(Required action) Only lines containing the string "Cherokee" belong in the answer; find them in the records and copy them.

[Short text fragments from websites]
* * * * * * * * *
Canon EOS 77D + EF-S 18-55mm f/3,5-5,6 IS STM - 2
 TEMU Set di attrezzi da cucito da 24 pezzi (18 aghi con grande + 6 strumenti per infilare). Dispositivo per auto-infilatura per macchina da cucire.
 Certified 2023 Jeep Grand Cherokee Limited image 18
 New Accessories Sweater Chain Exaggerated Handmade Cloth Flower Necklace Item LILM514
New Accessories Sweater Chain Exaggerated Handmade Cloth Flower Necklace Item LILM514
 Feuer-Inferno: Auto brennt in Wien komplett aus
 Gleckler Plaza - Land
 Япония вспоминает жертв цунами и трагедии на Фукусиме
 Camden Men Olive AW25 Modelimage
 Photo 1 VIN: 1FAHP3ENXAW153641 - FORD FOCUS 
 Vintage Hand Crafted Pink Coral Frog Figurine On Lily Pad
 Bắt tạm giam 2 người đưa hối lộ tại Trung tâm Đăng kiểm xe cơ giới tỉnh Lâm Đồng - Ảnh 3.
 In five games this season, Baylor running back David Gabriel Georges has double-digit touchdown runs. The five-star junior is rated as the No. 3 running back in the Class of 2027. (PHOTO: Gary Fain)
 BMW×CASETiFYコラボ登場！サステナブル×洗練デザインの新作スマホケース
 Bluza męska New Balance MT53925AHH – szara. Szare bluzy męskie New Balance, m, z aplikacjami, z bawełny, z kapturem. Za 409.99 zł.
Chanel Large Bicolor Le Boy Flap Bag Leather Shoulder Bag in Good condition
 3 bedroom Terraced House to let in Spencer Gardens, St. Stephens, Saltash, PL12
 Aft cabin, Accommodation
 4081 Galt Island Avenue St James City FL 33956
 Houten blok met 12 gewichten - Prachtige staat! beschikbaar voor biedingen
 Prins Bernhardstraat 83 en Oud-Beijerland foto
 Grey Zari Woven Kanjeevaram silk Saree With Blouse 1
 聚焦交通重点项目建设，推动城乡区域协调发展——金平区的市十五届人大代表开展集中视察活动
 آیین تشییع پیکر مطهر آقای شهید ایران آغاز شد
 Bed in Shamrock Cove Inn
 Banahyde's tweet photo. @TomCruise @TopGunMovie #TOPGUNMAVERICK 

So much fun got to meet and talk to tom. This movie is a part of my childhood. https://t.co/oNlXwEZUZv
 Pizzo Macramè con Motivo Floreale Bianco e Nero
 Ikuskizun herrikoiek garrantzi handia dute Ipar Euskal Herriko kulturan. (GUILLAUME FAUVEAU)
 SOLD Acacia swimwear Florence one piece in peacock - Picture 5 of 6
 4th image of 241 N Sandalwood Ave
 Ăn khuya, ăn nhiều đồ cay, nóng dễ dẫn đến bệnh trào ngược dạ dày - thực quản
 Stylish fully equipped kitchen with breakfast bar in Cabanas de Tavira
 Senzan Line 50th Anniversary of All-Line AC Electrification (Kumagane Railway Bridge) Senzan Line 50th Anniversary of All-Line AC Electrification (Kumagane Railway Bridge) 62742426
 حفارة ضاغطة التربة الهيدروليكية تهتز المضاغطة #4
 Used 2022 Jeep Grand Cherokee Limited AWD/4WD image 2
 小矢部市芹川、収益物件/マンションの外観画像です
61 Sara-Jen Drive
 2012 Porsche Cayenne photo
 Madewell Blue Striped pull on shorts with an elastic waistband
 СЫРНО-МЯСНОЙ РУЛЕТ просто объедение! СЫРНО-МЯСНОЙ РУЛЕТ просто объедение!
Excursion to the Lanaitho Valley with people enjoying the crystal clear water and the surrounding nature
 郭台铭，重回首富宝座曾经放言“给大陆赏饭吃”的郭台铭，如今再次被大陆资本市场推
* * * * * * * * *
(Result of this task)
 Certified 2023 Jeep Grand Cherokee Limited image 18
 Used 2022 Jeep Grand Cherokee Limited AWD/4WD image 2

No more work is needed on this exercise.